As far as it comes to Linux, the compiler/maker references libraries it can find through environment variables ($LD_LIBRARY_PATH, $PATH etc.) set globally or locally (in the script, possibly wrapping script or through the configure run) and in /usr/local/lib/, /usr/lib/ (...) most .so "files" are sysmbolic or hard links to the current versions of installed libraries beneath or in this directory.

For example /usr/share/lib/libld.so would be a link to /usr/share/lib/libld.so.5, so the compiler(s) are using the symlink to access the linked shared library file.
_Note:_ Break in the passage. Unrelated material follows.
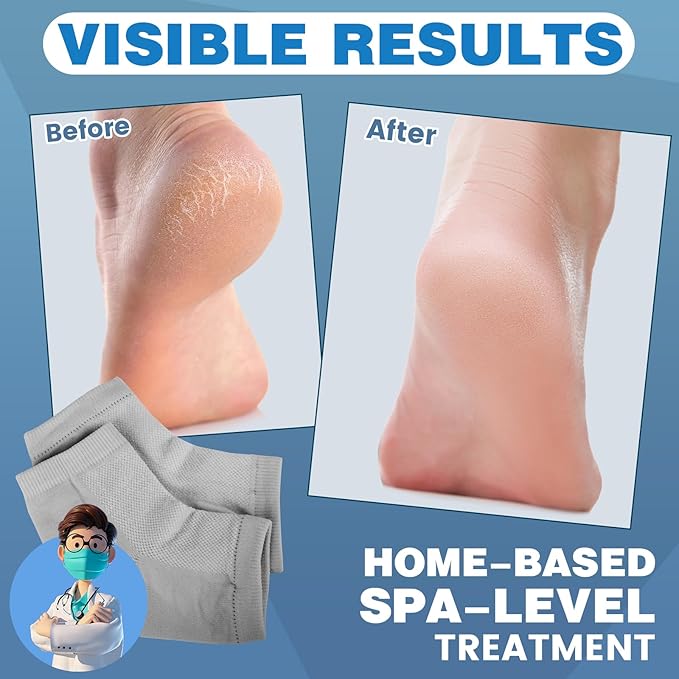 3 Pairs Moisturizing Heel Socks for Cracked Heel Treatment, Foot Care Toeless Socks to Soften and Hydrate Dry Cracked Feet Heels, Cracked Heel Repair Socks, Gel Socks for Dry Cracked Feet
This means you don't have to delete library files, but change the links (look at the "ln" command) to point to the compatible library, if no direct reference was given in ./configure or passed to the maker/compiler through environment variables, the compiler will use the links to find the desired libraries. Normally you would not delete the newer libraries in /usr/lib in this case, but let the links point to the .so files having the right version number in their names.

Doing it in any other way would be quite a mess, it's done through links for ages in Unix and Linux, for good reasons.
Maybe Raspi Linux is an exception, i don't have a Raspi nearby at the moment to check, but i think basic things are done the same way here.